Gabriel severed the connection and dialed another number.
&nb
sp; 9
GROSVENOR SQUARE, LONDON: 7:13 A.M., FRIDAY
The streets at the northern end of posh Mayfair have a distinctly American flavor. Tucked amid the stately Georgian buildings one can find the headquarters of the American Chamber of Commerce, the American Club, the American Church, the American Society, and the Society of American Women. Along the northern side of Grosvenor Square is the U.S. Navy building, and on the western side stands the American embassy. Nine stories in height and adorned by a monstrous gilded eagle, it is one of the largest American diplomatic missions in the world and the only one to reside on land not owned by the federal government. The Duke of Westminster, who owns most of Mayfair, leases the property to the American government for the very reasonable sum of a single peppercorn a year. There is little danger the Americans will be evicted from their patch of Mayfair any time soon, since the lease on the property does not expire until Christmas Day in the year 2953.

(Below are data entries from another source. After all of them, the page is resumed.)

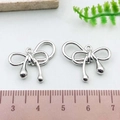 Pair of shiny silver bow-shaped alloy pendants measuring 20mm for DIY jewelry making - Entwined Bowknot (21405)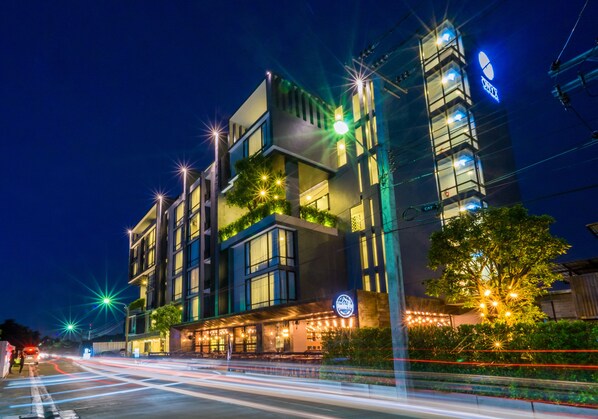 A modern building with multiple floors, large windows, and outdoor seating areas.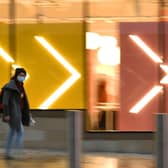 A pedestrian wearing a protective face covering walks past a store in central Sheffield (Photo by OLI SCARFF/AFP via Getty Images)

Fifty-eight men and a single woman have served as the American ambassador to the Court of St. James’s—including five who would become president—but only one has ever come from the ranks of the career Foreign Service. The rest have been political appointees and diplomatic debutants, known more for their money and connections than their foreign policy expertise. Their names read like an honor roll of American high society and wealth: Mellon, Kennedy, Harriman, Aldrich, Bruce, Whitney, and Annenberg.
The current American ambassador to the Court of St. James’s, Robert Carlyle Halton, was not born to wealth, and few Americans knew his name, though he was by far the richest man to ever occupy the post and his political connections were second to none. The president and CEO of the Denver-based Red Mountain Energy, Halton’s personal fortune exceeded five billion dollars at last estimate. He also happened to be a lifelong friend of the president of the United States and his largest political donor. The Washington Post, in a rather unflattering profile of Halton published shortly after his nomination, declared that he “had pulled off the extraordinary political feat of putting his best friend in the White House.” When asked about the accuracy of the report during his confirmation hearings, Halton said he only wished he had been able to give the president more money, a remark that had cost him several Democratic votes.